John Vassell of Cockethust Farm and an alderman of the City of London also owened a Wharf in Leigh where he with others financed the building of a ship named the Mayflower. This ship was almost certainly the one chartered by the Pilgrim Fathers for their epic journey to the New World. It is on record as having discharged acargo of wine in the port of London shortly before the Pilgrim Fathers commenced their journey from Leigh. Two of John’s sons, William and Samuel are named in the charter of the Massachusetts Company and at one time owned between them 10% of Massachusetts. (9,10A,B,C)
If a fraction of the money wasted on the Airport had been spent promoting the Borough’s connections with such historic events, a thriving tourist industry would bring considerable financial benefits to it.
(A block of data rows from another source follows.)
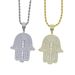 hip hop hamsa palm pendant popular necklace full diamond trendy jewelry spot delivery_ipsvogv.com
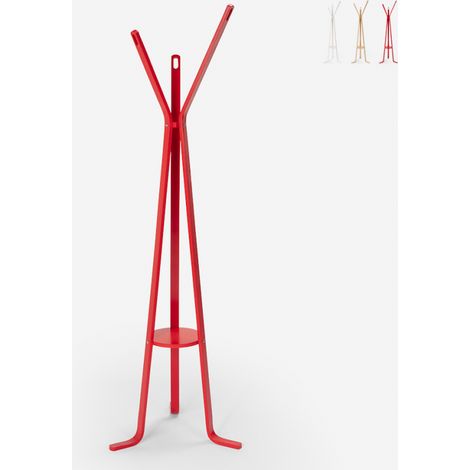 Appendiabiti da terra design nordico legno ingresso salotto Nordstrand - Rosso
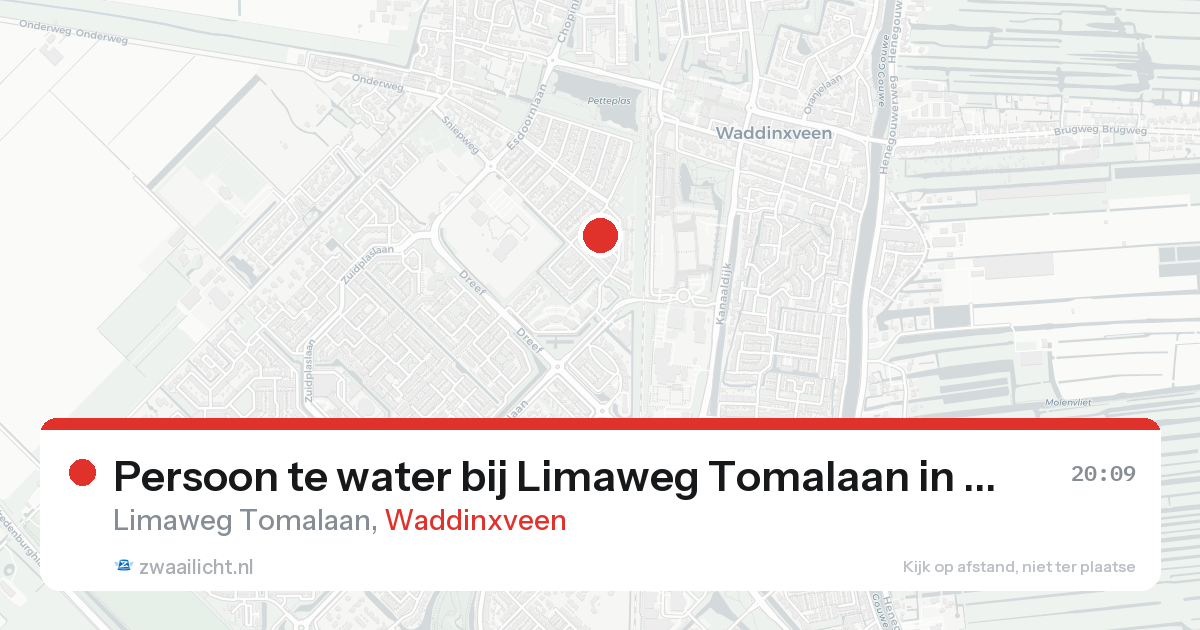 Persoon te water bij Limaweg Tomalaan in Waddinxveen — 31 jan 2026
This could yet be done and St Laurence and All Saints church would be an important part of such an undertaking. Tourists stop in the town and spend money; air passengers do not.
Eastwoodbury Lane is a public right of way and one that has existed in its present form for hundreds of years. The planning application under consideration seeks permission to divert it. This is a total misrepresentation of that which is in reality proposed. In order that the extension to the runway can take place, a section of this right of way has to be closed, cutting it into two parts. I assume that these will be renamed Eastwoodbury Lane East and Eastwoodbury Lane West. My understanding is that this cannot be done by a simple planning permission, it requires an Act of Parliament. There is no costing in the proposals to fund this.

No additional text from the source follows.